Tag: status report

This week, I completed the final LED response validation and finalized the wiring organization for our project. All hardware components were tested together in a full system run to ensure stable operation and reliable communication between pressure sensors, NFC scanners, LED indicators, and the central microcontroller. I’m in the process of integrating the temperature and humidity sensors as well as the final LDR into the system and validated their readings through preliminary tests.

A major focus this week was preparing the hardware for demo by physically reinforcing all sensor placements, optimizing cable routing to minimize visual clutter and signal interference, and finalizing the concrete plan to securely wrapping the system in a silicon mat to complete the device’s final assembly.

One of the main challenges this week was time management—balancing system testing, hardware reinforcement, sensor integration, and predictive logic development within a very compressed timeline. Minor troubleshooting was also needed to stabilize the temperature sensor readings, which initially showed fluctuations due to wiring noise.

Looking ahead, my final steps before the demo include running complete, end-to-end system tests under different simulated user scenarios to ensure reliability during the live demo. I will also polish the LDR wake system and humidity sensor integration.

Throughout this final phase, I relied heavily on rapid iteration and hands-on debugging, drawing from earlier informal learning and adapting techniques on the fly. Reflecting on this capstone, I feel that this project significantly strengthened my ability to manage full hardware-software integration, troubleshoot real-time sensor systems, and deliver a functional prototype under tight deadlines.

This week, I completed the initial circuit verification and LED implementation for our project. I conducted validation tests for pressure detection, manual inventory adding, and NFC sticker scanning, ensuring that the hardware components performed as intended. I also began LED response testing, which is ongoing and scheduled to be completed tomorrow. A major focus throughout the week was ensuring stable power delivery across all hardware components, which required careful checking of each connection and verifying overall system performance.

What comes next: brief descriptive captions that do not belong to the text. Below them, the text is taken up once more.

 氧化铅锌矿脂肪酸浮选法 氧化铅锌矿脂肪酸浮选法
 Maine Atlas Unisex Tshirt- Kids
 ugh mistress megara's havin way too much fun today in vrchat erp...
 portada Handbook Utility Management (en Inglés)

One of the main challenges I encountered was managing the organization of wiring while maintaining stable and reliable power flow. Additionally, I had to make minor adjustments to sensor positioning to optimize detection consistency, especially during the pressure detection tests.

Looking ahead, my next steps are to complete the LED response validation, finalize the wiring organization to prepare the hardware for presentation, and integrate temperature and humidity sensors into the system before the upcoming demo. I also plan to implement predictive logic that will help recommend against unnecessary grocery purchases based on user inventory. Finally, I aim to fully wrap the device with a silicon mat to finalize the hardware assembly.

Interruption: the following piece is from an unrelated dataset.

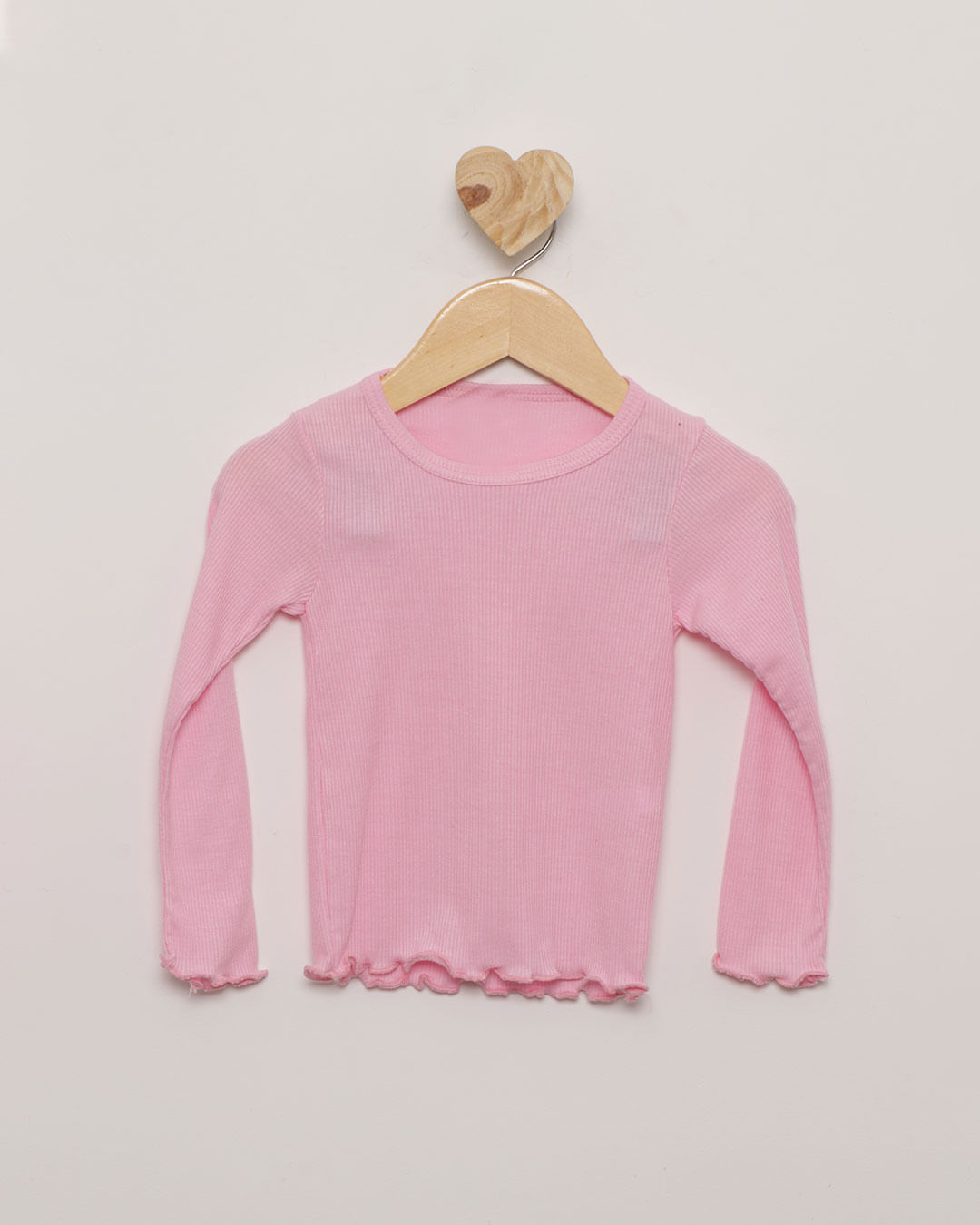 Blusa-Bebe-Manga-Longa-Canelada-Rosa-Claro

Throughout the process of designing, implementing, and debugging the project, I found it necessary to strengthen my knowledge of stable power distribution techniques and real-time sensor validation strategies. I also had to learn practical wiring organization methods to minimize signal noise and maintain consistent performance under different operating conditions. To acquire this new knowledge, I relied heavily on informal learning strategies, including watching targeted YouTube tutorials, reading discussions and troubleshooting posts on Stack Overflow and Arduino forums, and studying relevant sensor datasheets. Accessing real-world examples and project references online helped me quickly adapt and apply new techniques without the need for formal coursework, allowing me to troubleshoot and optimize our hardware setup more effectively.

I successfully completed the wiring and soldering of the LED subsystem. Initially, we attempted to solder four separate 4-LED strips (16 total) into a square formation to fit the base of our design. However, we encountered a major roadblock: current flow inconsistencies due to segmenting the strips. To resolve this, we opted not to cut the LED strips. Instead, we used a continuous 16-LED strip and geometrically folded it into a square pattern to maintain uniform current flow and simplify the wiring layout. This new configuration has been tested using our power booster and logic level shifter, which step the Arduino’s 3.3V output up to 5V for the LED signal and power. All 16 LEDs now light up consistently with no drop in brightness, verifying the effectiveness of our revised wiring approach. The 4 squares of LEDs will now take up 4 pins in total on our main ESP32 board.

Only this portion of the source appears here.